Lots of resentment in doublewidetrailerville towards California.
I don’t care who you are, that’s funny right there!
Full disclosure, I may or may not have lived in trailersville when I was young, although I do not believe I ranked high enough to get the double wide.....
...doublewidetrailerville...
_____________________________________
Your sneer is misplaced. Many areas of the country are predominately manufactured housing. This is due to lots of reasons, such as soil composition and terrain features. They aren’t *trailer parks*, although lots of senior housing is in such configurations.
They are not necessarily inexpensive nor cheaply built, either. Nor are they all narrow and flat-roofed. Most have some sort of footers and foundations, even without basements. Neither do they house miscreants. Most are privately owned, not mobile and not on rented pads.
Mine comes with exactly as much land as an elderly person would want to maintain. I have privacy, wildlife, (too many) trees and it is not a *lot*. So far, it is more than adequate for my needs and wants and not much different than a ranch-style home.
I am 5 minutes from wonderful natural lakes and rock formations and surrounded by forest. I’ve lived in mountains and no longer find them, the humid, frost-pocket, flood-prone valleys and the steep, winding roads my particular cup of tea, especially at my age. Ridge-top winds are also a challenge, as are extremely deep wells in times of drought. I have visited deserts and find the landscape monotonous and ugly, while 120-degrees of dry heat perfectly describes an oven. I adore vacationing on islands, but the people born and raised on them are well-aware of the vulnerabilities and limitations. Not that all island-dwellers ae fortunate enough to occupy the beaches.
I spent 45 years in a 100+ year-old home with many additions. on 80 pristine acres of rolling (and sometimes steep) hills. Stick-built is not necessarily best or even comparatively better than manufactured, especially those built more recently.
Neither do I resent California and its *perfect weather* that includes flood, earthquakes and fires. They do have lovely beaches and the rock slides that come with steep coastal lands. I’ve noticed, though, how quick the authorities are there to close beaches and restrict both beach use and access. Not that the vast majority of California is coastal or has beach access nor that the majority of the coastal counties residents have any hope of living on one.
What I resent is the idea that living in a particular geography endows the residents with superior intellect or morality, to say nothing of ethics. The same arrogance is found in abundance in urban conclaves throughout the country, most with winter and no real beaches.

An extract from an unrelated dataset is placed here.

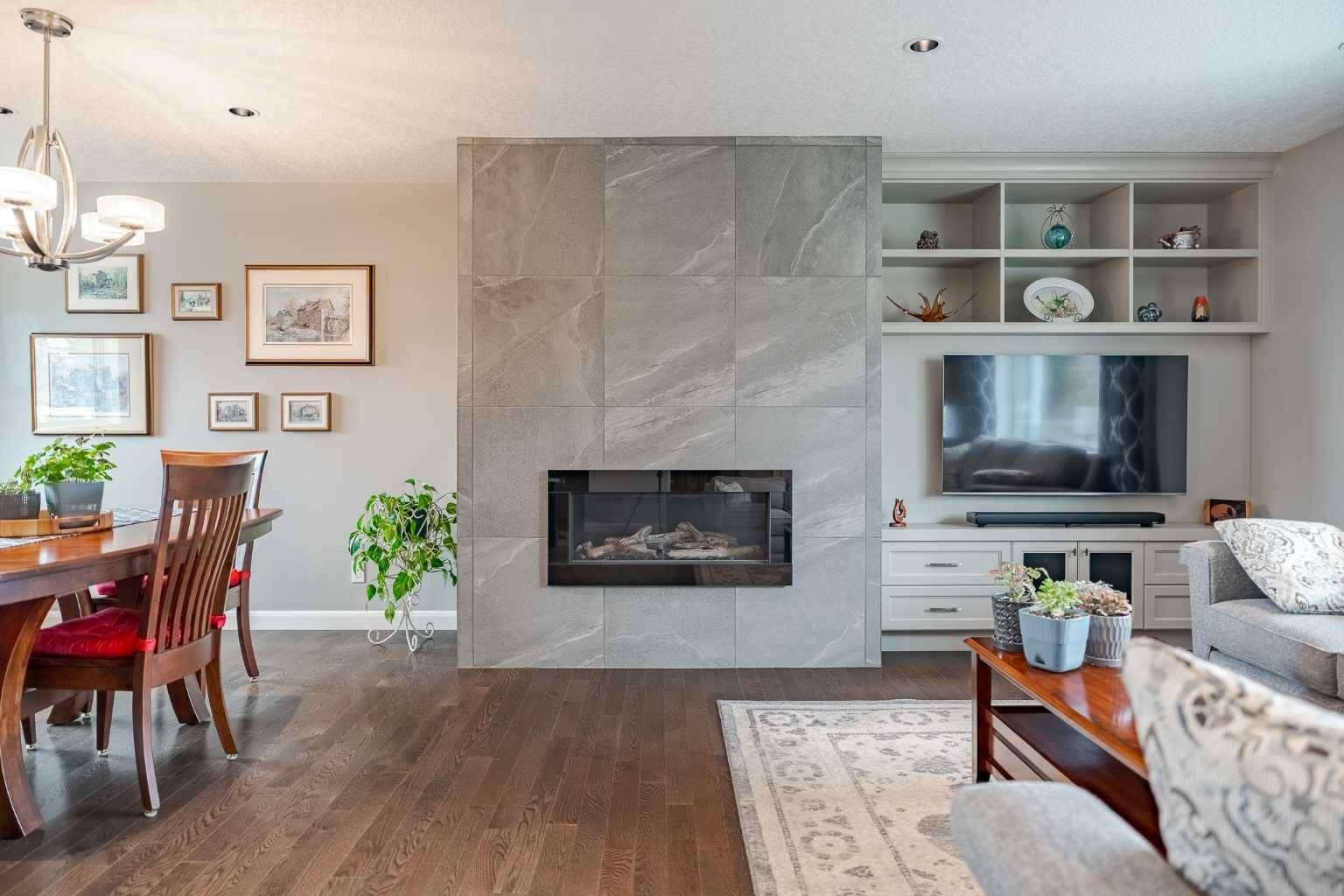 Calgary, AB T2L 0H3,147 Capri AVE NW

It is leftists everywhere who denigrate the middle and lower middle class in the rural areas everywhere. They resent us because we do not cave to their inflated self-esteem and fanciful notions of utopia. They also resent that we occupy the land they prefer be left wild as nature preserves for the few times in their lives when they _might_ wish to visit. Oh, they dress that up with *needs* of wildlife, but, like all progs, it is really out of selfishness. Note that in the past 4 months hordes of Californians, Oregonians and Washingtonians have been frantically purchasing land and homes in the interior.
Finally, I wonder how much manufactured housing is in California? Have they banned that, too, or just enacted so many regulations that the cost puts it out of reach for the despised masses?